Thursday, May 27, 2010

South to the Mouth.

The van pulls into a gravel driveway off a small side street. I grab my bag and an old women directs me down a narrow alley on the left side of the house. Behind the house is the Mekong. A narrow plank connects the shore to the small boat that will take me six hours down river to northern Vietnam. Nearby several young men unload bricks from a large barge. Our boat's engine starts and we ease into the current, heading south.

After several hours floating past dry farmland and buffalo pasture we arrive at the Cambodian border. The police checkpoint is in the colorful courtyard of an old country home. A guard stamps my passport while a budda watches us from the opposite wall. In a few minutes the process is repeated at Vietnamese customs, though here the atmosphere is different, a giftshop clerk watches over the transaction.

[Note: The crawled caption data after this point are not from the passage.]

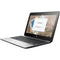 HP Chromebook 11 G5 EE 11.6" 4GB 16GB eMMC Celeron® N3060 1.6GHz ChromeOS, Black (Certified Refurbished)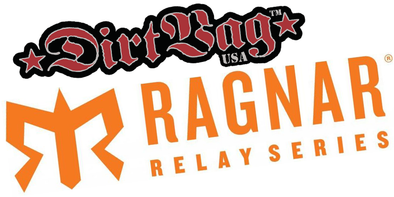 RAGNAR relay invaded by team DIRTBAG!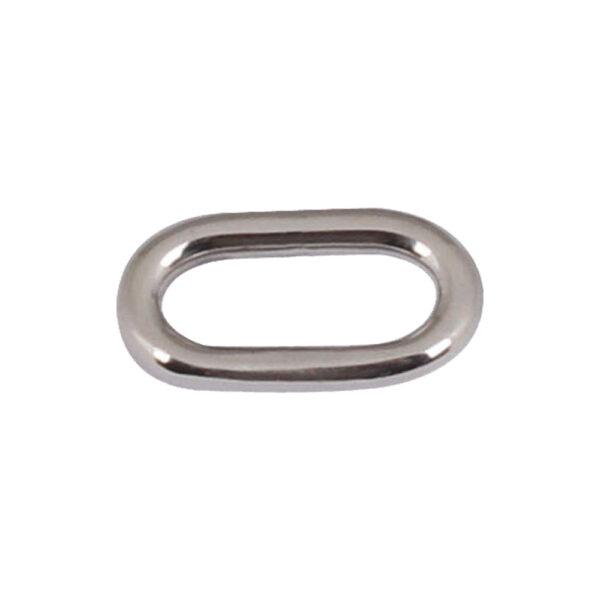 Oval Ring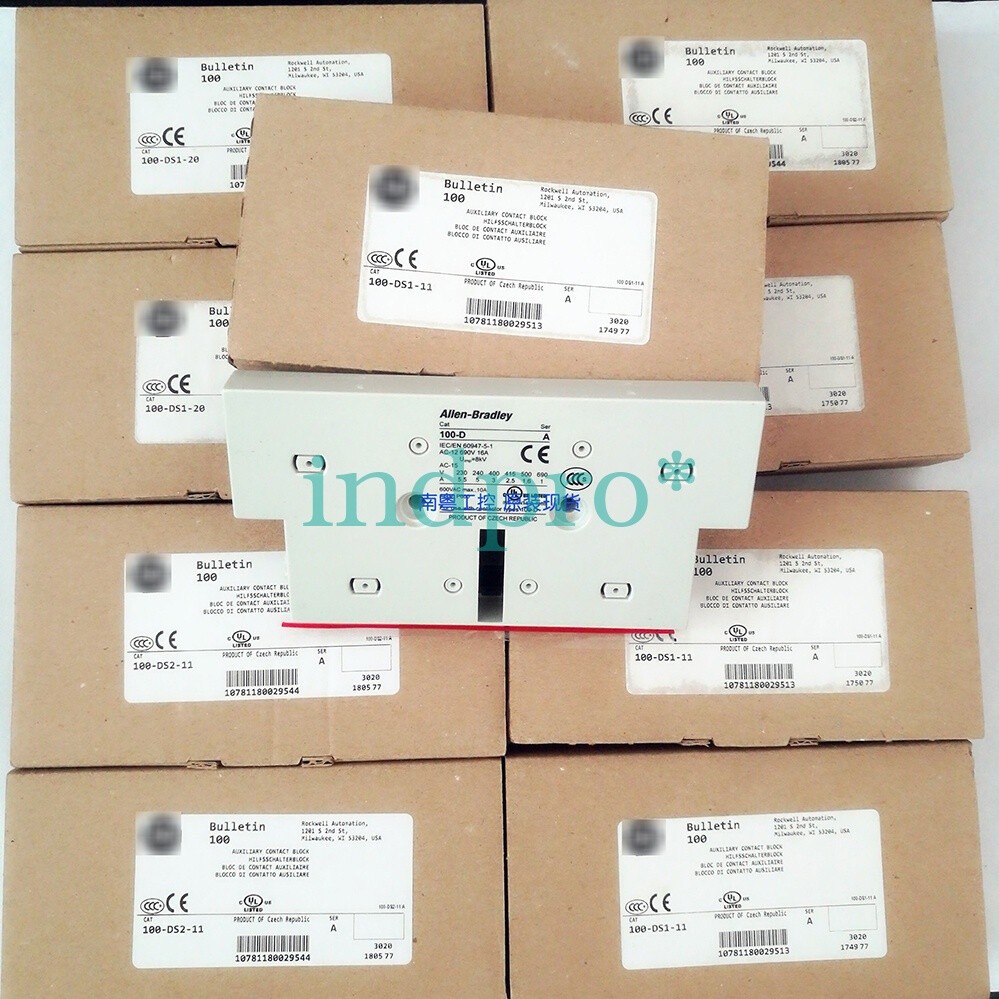 1pcs new original 100-DS1-11 *mp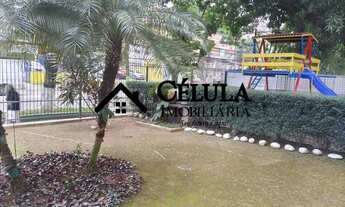 Imagem 2: Rio de Janeiro - Apartamento Padrão - Pechincha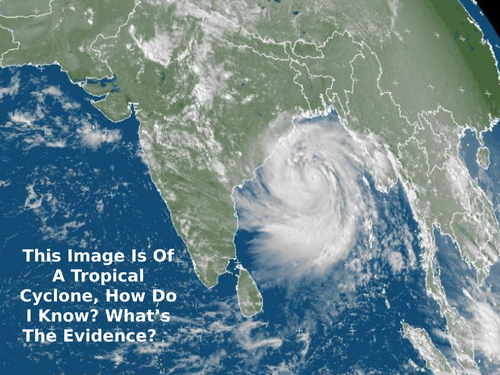 Hazardous Earth - What Were The Impacts Of Cyclone Aila?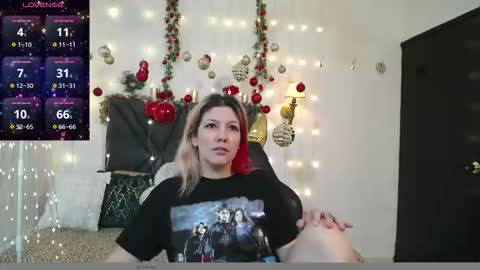 sanyaseraphine0 online show from 11.13.25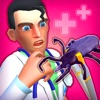 Master Doctor 3D iOS icon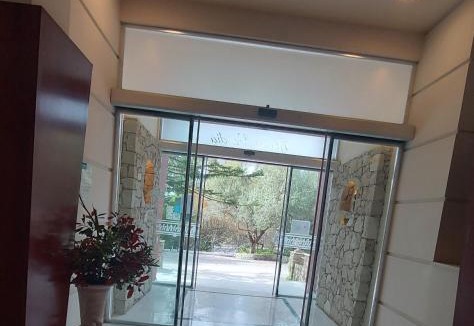 Halepa Hotel | Monte Vardia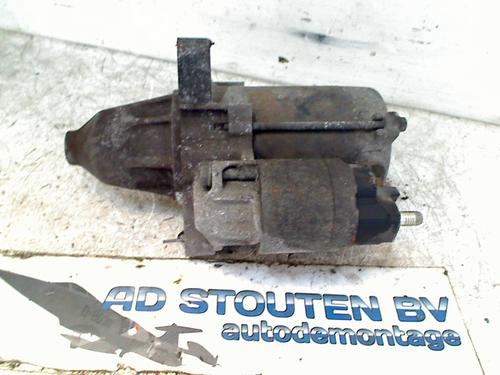 Starter DAIHATSU SIRION (M3_) 1.0 (M300) | BP11319602M8 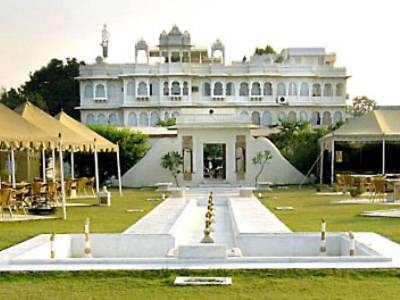 Hotel Ram Pratap Palace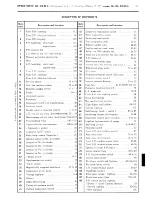 Preview for 340 page of CITROEN CX 2000 Repair Manual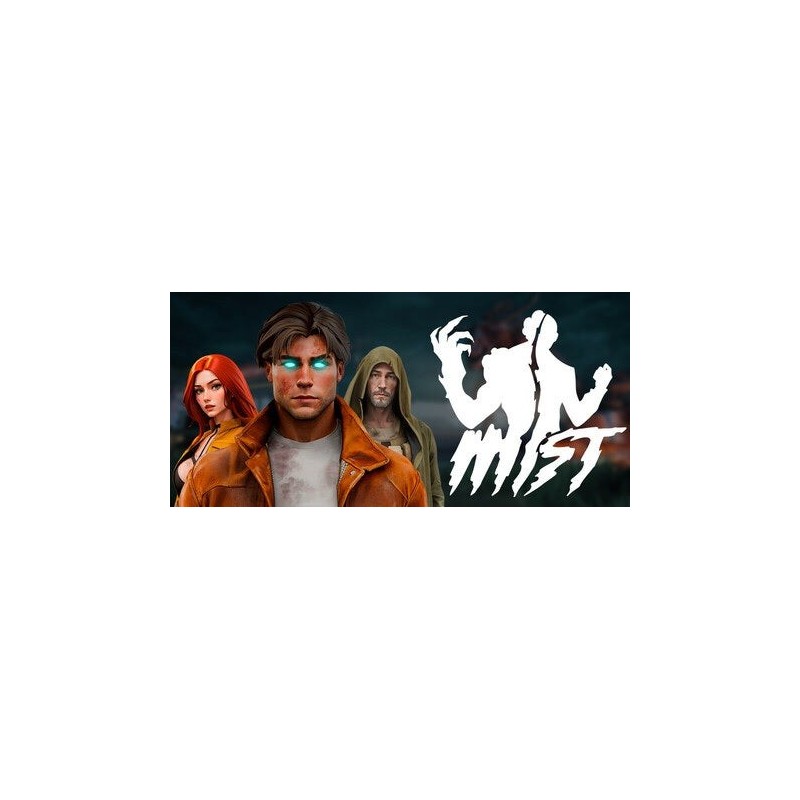 Mist Steam (PC) - Steam CD Ključ - Globalno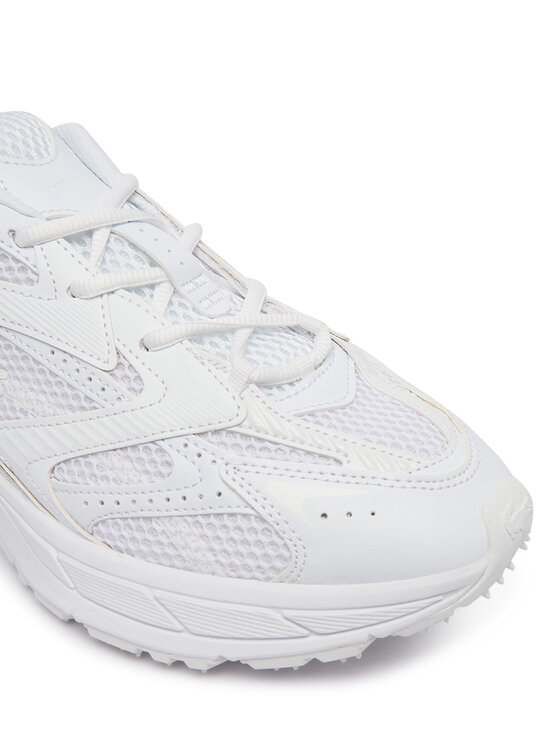 Lacoste Lacoste Sneakersy 52SMA0171 Bílá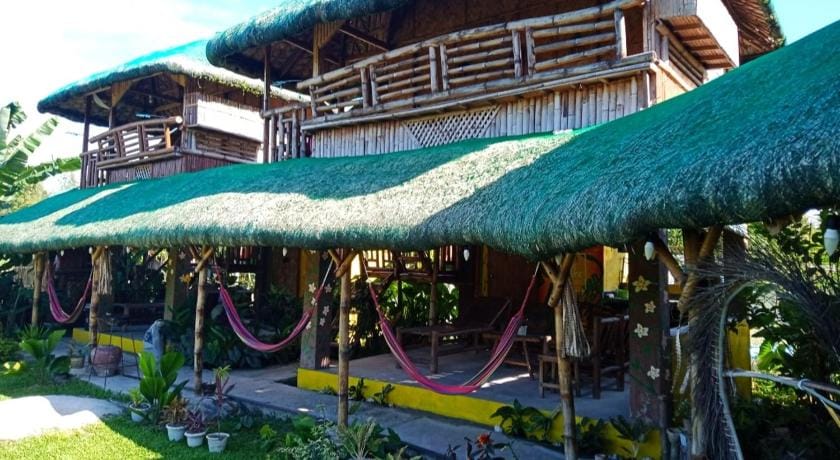 Dupas Luce Love Lodges Bed and Breakfast in Calabarzon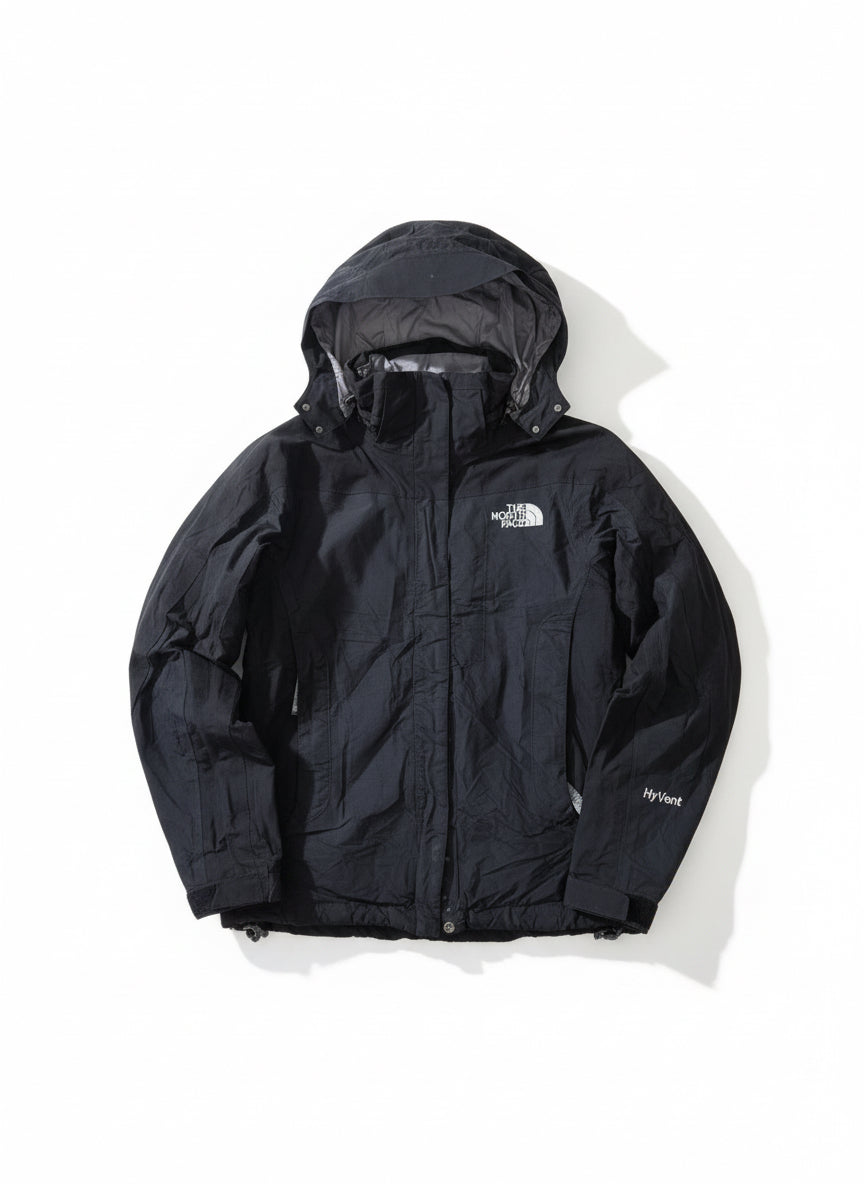 The NorthFace Hyvent Ski Jacket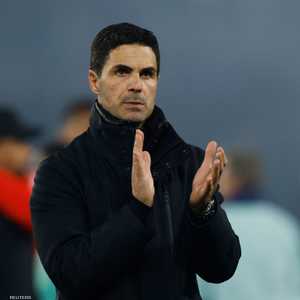 ميكيل أرتيتا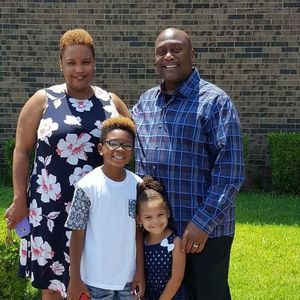 Meet your Posher, Kimberly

At the border we change boats and soon turn off into a side canal bound for the delta's northern city of Chau Doc. The water is overhung with branches--shading hundreds of free ranging ducks and providing diving boards for local children.

South of Chau Doc towards the coast lie hundreds of kilometers of busy waterfronts and markets, rice fields and shrimp farms.

Like Cambodia, southern Vietnam is waiting for the overdue rains of summer. Each hot afternoon the sky looks ready to burst. But aside from heavy winds, distant lightning, and rainbows the dry season continues.

The aquaculture industry appears to have brought economic stability to the delta's communities. It's small cities are busy with store fronts and motorbikes. In the countryside newly renovated levees stand guard over fields and homes whose natural protection--mangrove forests--have been cleared away in exchange for rectangular ponds. Ponds filled with shrimp larvae and fish fry, aerated by plastic paddle wheels that churn idly in the sunshine.

Along a secondary road a small path branches off to the east. For nearly ten kilometers it runs past small homesteads and football fields; through dry rice paddies and bamboo thickets. The path parallels a small brown canal, bridging countless tributaries. In some places small patches of mangrove forest remain. In one of these an old man digs snakes from the sticky gray mud. The path and canal end together at the Brassic River--one of the "nine dragons" of the Mekong Delta. Here blue/green tidal waters mix with the dark brown run off from the delta and slip slowly into the sea.

For nearly 4,400 kilometers people fish and float on the river. Boat props, paddle blades, and bare feet churn its muddy bottoms. Fish, otters, and springtails live and die under and on its shores. Here at the mouth of the Mekong an old man uses his only arm to start an outboard motor, breaking both the river's smooth surface and the afternoon's silence. As he accelerates, the wind hits his dark cheeks, and he smiles.